J.A. Konrath / Jack Kilborn Trilogy - Three Scary Thriller Novels (Origin, The List, Haunted House)
Page 16
“We have a deal, right?” Harker narrowed her eyes. There was no way Bub could tell she was lying. Harker was too good at deception. She’d cared for one for nearly a year.
“What color eeeeeeeeeyes?”
Harker blinked. She’d never considered it.
“Blue eyes. And blonde hair. Curly blonde hair.”
Just like Shirley, Harker thought.
“Watch the doooooooor,” Bub instructed.
He dragged the carcass of the sheep further back into his habitat, coming to rest behind some bushes. Harker stood in the doorway to Red 14, alternating her attention between the hall and the habitat.
“How about the surveillance camera?” she called to Bub.
He didn’t answer. Minutes passed. Harker could see the legs of the sheep poking out from behind the brush. At first they twitched, then the twitching became bucking. When the blood started to spray, Harker left the door to take a closer look.

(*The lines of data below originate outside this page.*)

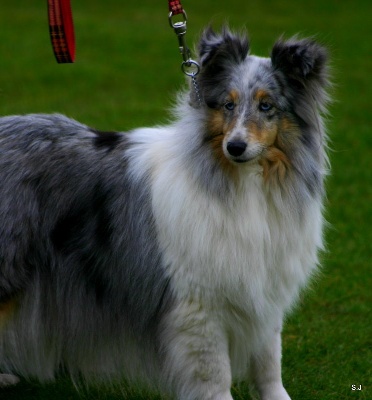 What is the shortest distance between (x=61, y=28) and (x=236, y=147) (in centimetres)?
147

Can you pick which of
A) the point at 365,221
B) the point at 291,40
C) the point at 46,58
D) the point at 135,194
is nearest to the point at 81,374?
the point at 135,194

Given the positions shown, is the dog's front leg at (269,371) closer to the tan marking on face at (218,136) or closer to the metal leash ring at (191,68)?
the tan marking on face at (218,136)

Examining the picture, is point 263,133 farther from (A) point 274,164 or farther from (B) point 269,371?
(B) point 269,371

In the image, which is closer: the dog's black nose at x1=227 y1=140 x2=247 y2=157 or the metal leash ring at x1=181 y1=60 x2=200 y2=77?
the dog's black nose at x1=227 y1=140 x2=247 y2=157

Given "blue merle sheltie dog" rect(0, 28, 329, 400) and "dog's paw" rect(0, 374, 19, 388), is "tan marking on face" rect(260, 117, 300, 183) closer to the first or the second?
"blue merle sheltie dog" rect(0, 28, 329, 400)

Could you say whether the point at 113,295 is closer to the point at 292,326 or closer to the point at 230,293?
the point at 230,293

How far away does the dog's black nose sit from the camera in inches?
165

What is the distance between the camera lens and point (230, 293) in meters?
4.46

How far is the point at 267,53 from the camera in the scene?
12273 mm

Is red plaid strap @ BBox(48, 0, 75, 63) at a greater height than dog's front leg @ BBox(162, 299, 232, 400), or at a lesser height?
greater

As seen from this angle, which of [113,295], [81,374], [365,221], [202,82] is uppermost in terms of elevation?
[202,82]

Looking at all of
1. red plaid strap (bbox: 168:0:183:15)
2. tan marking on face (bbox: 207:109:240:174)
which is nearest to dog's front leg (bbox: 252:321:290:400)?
tan marking on face (bbox: 207:109:240:174)

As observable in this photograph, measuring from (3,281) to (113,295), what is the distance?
0.60 m

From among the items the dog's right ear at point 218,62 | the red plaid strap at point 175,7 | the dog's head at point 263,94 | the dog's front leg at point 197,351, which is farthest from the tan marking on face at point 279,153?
the red plaid strap at point 175,7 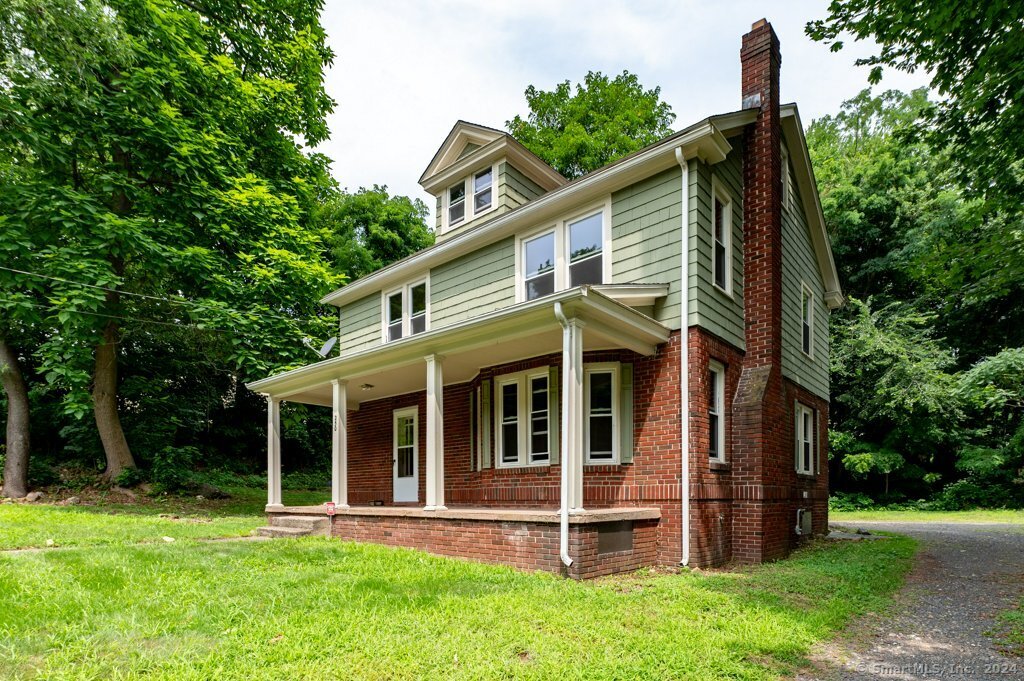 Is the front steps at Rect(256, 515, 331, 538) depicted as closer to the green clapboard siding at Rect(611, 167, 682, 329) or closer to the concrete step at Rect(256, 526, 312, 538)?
the concrete step at Rect(256, 526, 312, 538)

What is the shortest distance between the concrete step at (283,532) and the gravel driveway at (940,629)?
8.31 m

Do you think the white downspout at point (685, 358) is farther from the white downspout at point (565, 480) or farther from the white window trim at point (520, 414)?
the white window trim at point (520, 414)

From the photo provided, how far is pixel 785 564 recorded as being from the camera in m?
8.55

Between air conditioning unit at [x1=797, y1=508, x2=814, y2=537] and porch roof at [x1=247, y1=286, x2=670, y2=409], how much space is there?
15.7 ft

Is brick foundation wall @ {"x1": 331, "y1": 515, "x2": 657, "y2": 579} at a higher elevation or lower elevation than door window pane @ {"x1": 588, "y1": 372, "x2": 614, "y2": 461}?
lower

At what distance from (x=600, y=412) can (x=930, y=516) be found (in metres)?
16.9

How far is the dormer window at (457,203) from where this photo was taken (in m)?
14.2

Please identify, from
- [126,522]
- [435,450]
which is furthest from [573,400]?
[126,522]

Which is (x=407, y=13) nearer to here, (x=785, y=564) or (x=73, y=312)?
(x=73, y=312)

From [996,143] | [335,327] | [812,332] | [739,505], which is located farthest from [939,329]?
[335,327]

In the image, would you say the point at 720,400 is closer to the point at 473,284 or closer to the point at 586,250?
the point at 586,250

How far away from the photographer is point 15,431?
585 inches

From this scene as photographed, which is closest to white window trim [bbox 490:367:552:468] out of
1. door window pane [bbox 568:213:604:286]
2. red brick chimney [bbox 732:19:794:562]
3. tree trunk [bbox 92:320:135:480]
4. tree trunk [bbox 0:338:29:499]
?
door window pane [bbox 568:213:604:286]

Bub rested his palm on the prone sheep’s chest. The sheep was jerking wildly under his hold, almost as if an electric current was being passed through it. Slowly, it began to expand. The wool, matted black with blood, peeled away like strips of wet carpet. Then the skin detached itself from the skeleton and puffed out until the sheep was double its original size. It began to bleat, high-pitched and frantic.

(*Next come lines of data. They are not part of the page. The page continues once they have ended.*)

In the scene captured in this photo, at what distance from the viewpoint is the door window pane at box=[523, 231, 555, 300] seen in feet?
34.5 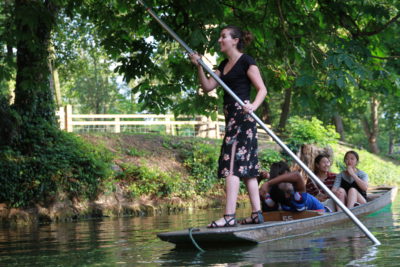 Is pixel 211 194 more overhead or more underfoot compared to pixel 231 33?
more underfoot

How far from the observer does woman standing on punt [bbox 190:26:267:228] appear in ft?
16.6

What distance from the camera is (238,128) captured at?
514cm

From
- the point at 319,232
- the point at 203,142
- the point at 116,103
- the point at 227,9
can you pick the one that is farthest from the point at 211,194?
the point at 116,103

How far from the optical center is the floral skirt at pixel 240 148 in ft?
16.6

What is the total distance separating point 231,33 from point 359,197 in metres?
4.09

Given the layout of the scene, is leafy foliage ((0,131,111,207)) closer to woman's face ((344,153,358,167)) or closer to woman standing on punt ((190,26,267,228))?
woman's face ((344,153,358,167))

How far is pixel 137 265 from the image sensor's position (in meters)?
4.36

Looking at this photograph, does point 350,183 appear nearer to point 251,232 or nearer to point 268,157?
point 251,232

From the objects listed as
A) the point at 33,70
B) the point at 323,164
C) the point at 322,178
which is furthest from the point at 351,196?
the point at 33,70

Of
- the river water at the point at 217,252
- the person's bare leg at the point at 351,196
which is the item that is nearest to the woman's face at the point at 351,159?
the person's bare leg at the point at 351,196

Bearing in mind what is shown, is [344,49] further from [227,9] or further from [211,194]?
[211,194]

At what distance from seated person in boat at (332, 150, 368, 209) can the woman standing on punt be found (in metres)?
2.83

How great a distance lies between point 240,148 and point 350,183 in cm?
355

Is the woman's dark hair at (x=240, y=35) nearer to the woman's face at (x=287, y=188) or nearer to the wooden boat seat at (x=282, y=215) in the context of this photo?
the woman's face at (x=287, y=188) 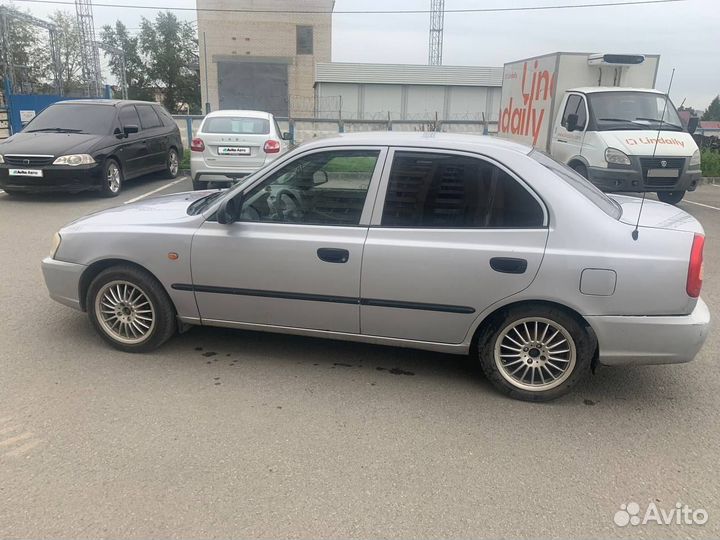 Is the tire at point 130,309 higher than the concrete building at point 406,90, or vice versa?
the concrete building at point 406,90

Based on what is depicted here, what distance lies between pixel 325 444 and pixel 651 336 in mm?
1952

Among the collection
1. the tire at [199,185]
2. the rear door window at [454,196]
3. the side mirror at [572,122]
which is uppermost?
the side mirror at [572,122]

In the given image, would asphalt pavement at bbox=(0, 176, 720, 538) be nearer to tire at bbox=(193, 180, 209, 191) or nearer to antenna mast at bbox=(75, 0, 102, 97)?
tire at bbox=(193, 180, 209, 191)

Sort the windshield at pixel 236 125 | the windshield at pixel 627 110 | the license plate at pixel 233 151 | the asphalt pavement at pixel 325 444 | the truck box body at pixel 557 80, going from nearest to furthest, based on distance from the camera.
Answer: the asphalt pavement at pixel 325 444 < the windshield at pixel 627 110 < the license plate at pixel 233 151 < the windshield at pixel 236 125 < the truck box body at pixel 557 80

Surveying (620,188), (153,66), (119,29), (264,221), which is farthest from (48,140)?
(119,29)

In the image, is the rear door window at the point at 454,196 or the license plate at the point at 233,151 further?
the license plate at the point at 233,151

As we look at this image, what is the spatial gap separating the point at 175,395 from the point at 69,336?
1.41 metres

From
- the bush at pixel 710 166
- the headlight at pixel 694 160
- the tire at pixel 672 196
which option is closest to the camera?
the headlight at pixel 694 160

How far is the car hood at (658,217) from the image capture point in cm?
345

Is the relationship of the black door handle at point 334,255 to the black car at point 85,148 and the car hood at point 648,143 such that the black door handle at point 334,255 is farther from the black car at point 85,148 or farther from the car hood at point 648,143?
the black car at point 85,148

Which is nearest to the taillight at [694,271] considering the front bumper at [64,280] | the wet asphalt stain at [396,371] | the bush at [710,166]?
the wet asphalt stain at [396,371]

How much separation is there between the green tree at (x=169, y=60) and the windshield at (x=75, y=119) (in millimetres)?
55370

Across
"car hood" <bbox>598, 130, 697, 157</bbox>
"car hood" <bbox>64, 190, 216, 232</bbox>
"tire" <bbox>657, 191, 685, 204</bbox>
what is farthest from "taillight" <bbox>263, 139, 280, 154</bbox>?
"tire" <bbox>657, 191, 685, 204</bbox>

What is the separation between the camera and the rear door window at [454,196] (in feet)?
11.3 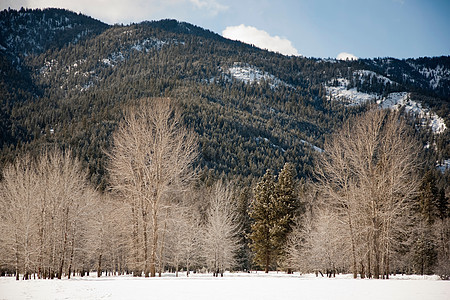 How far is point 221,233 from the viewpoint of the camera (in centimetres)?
3638

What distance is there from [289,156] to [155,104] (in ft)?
516

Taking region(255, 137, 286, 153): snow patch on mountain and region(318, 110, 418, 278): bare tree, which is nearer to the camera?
region(318, 110, 418, 278): bare tree

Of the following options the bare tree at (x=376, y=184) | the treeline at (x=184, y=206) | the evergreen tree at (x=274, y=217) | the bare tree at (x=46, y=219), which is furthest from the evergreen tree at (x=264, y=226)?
the bare tree at (x=46, y=219)

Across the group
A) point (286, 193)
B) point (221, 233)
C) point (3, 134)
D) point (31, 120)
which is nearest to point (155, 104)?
point (221, 233)

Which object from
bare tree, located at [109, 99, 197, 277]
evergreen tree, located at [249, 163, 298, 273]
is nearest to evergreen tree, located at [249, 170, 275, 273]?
evergreen tree, located at [249, 163, 298, 273]

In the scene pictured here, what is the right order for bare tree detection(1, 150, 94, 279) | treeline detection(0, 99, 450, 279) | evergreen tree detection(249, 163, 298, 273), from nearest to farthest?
treeline detection(0, 99, 450, 279) → bare tree detection(1, 150, 94, 279) → evergreen tree detection(249, 163, 298, 273)

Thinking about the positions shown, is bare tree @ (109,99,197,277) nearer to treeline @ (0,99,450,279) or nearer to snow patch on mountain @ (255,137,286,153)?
treeline @ (0,99,450,279)

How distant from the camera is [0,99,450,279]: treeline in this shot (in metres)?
19.6

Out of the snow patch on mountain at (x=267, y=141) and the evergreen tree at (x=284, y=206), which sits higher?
the snow patch on mountain at (x=267, y=141)

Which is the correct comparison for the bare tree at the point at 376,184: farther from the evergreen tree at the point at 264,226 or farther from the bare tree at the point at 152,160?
the evergreen tree at the point at 264,226

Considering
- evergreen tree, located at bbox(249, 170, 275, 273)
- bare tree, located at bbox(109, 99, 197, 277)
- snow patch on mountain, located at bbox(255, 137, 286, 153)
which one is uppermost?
snow patch on mountain, located at bbox(255, 137, 286, 153)

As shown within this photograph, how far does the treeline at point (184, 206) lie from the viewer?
64.4 feet

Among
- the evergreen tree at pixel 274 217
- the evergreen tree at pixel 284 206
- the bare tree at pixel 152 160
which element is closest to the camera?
the bare tree at pixel 152 160

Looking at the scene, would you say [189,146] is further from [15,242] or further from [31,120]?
[31,120] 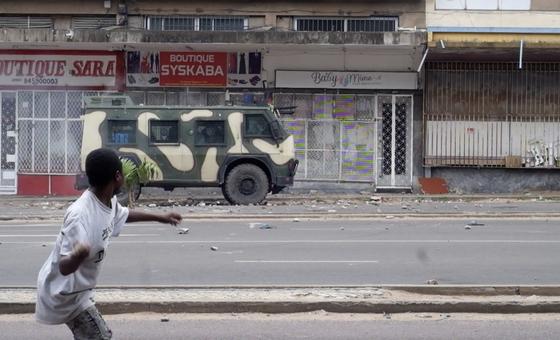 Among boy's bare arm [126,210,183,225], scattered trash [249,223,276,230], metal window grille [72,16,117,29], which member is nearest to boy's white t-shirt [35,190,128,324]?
boy's bare arm [126,210,183,225]

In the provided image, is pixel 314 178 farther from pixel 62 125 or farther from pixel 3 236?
pixel 3 236

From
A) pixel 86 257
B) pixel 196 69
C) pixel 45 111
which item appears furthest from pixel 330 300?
pixel 45 111

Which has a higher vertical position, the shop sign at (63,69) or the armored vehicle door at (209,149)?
the shop sign at (63,69)

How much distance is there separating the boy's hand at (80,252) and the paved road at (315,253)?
4.68 meters

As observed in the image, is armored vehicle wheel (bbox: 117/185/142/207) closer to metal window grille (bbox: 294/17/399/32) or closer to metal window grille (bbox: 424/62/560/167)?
metal window grille (bbox: 294/17/399/32)

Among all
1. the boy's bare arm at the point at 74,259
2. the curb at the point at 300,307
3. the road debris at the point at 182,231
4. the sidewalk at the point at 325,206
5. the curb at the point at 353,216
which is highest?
the boy's bare arm at the point at 74,259

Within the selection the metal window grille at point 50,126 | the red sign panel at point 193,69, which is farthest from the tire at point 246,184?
the metal window grille at point 50,126

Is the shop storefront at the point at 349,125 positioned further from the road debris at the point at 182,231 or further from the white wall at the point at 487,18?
the road debris at the point at 182,231

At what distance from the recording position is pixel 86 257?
3.92 metres

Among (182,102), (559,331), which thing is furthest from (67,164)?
(559,331)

It’s screaming, Harker realized.
There was a large wet POP as the skin burst. A fine mist of blood sprayed Bub, covering him with droplets. With his free claw, Bub tore away the remaining skin. The muscles underneath were dark red and stringy and…
Changing.
All four legs shortened, seeming to shrink into themselves. As if its bones were made of rubber, bending and twisting until it no longer resembled a sheep, just a squirming mass of connective tissue.
The bleating became the choke of someone drowning.
Then the head imploded and promptly expanded into a human skull shape.
“Watch the dooooooooooor,” Bub commanded.
But Harker was rooted. The body convulsed, sending blood and stringy sinew in all directions like thrown spaghetti. It curled up into a position that was obviously fetal. Bub continued to keep his claw on its chest, in contact with the heart.
The musculature became a lighter and lighter red until it was pink. Harker realized it wasn’t changing color; skin was forming. It kicked its legs, now ending in recognizable feet rather than hooves. Harker watched as its hands, shaped like two mittens, began to divide and splay until they each had five fingers.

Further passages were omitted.